───── Given data
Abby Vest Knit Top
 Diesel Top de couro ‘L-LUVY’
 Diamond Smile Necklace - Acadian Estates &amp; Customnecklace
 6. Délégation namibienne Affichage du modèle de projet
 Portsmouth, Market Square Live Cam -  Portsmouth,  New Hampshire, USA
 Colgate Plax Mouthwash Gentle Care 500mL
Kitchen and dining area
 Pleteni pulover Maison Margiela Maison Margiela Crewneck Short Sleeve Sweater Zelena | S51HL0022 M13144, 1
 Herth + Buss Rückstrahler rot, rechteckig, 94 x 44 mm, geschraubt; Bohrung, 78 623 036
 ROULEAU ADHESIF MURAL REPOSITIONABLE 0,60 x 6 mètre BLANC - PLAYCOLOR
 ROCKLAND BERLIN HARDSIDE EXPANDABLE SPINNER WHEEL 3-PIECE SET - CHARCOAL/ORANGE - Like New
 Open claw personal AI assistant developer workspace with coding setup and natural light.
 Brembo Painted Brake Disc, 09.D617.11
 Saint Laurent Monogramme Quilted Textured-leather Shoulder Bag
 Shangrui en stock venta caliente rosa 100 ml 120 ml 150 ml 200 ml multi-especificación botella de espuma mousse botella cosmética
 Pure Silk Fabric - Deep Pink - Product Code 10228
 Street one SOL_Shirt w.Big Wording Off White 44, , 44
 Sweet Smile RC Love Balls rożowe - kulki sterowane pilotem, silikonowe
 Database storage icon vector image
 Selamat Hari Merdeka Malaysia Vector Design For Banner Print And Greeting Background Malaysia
──────────
▶ [What to produce]:
Take the records above and copy them out exactly.

▶ [Your response]:
Abby Vest Knit Top
 Diesel Top de couro ‘L-LUVY’
 Diamond Smile Necklace - Acadian Estates &amp; Customnecklace
 6. Délégation namibienne Affichage du modèle de projet
 Portsmouth, Market Square Live Cam -  Portsmouth,  New Hampshire, USA
 Colgate Plax Mouthwash Gentle Care 500mL
Kitchen and dining area
 Pleteni pulover Maison Margiela Maison Margiela Crewneck Short Sleeve Sweater Zelena | S51HL0022 M13144, 1
 Herth + Buss Rückstrahler rot, rechteckig, 94 x 44 mm, geschraubt; Bohrung, 78 623 036
 ROULEAU ADHESIF MURAL REPOSITIONABLE 0,60 x 6 mètre BLANC - PLAYCOLOR
 ROCKLAND BERLIN HARDSIDE EXPANDABLE SPINNER WHEEL 3-PIECE SET - CHARCOAL/ORANGE - Like New
 Open claw personal AI assistant developer workspace with coding setup and natural light.
 Brembo Painted Brake Disc, 09.D617.11
 Saint Laurent Monogramme Quilted Textured-leather Shoulder Bag
 Shangrui en stock venta caliente rosa 100 ml 120 ml 150 ml 200 ml multi-especificación botella de espuma mousse botella cosmética
 Pure Silk Fabric - Deep Pink - Product Code 10228
 Street one SOL_Shirt w.Big Wording Off White 44, , 44
 Sweet Smile RC Love Balls rożowe - kulki sterowane pilotem, silikonowe
 Database storage icon vector image
 Selamat Hari Merdeka Malaysia Vector Design For Banner Print And Greeting Background Malaysia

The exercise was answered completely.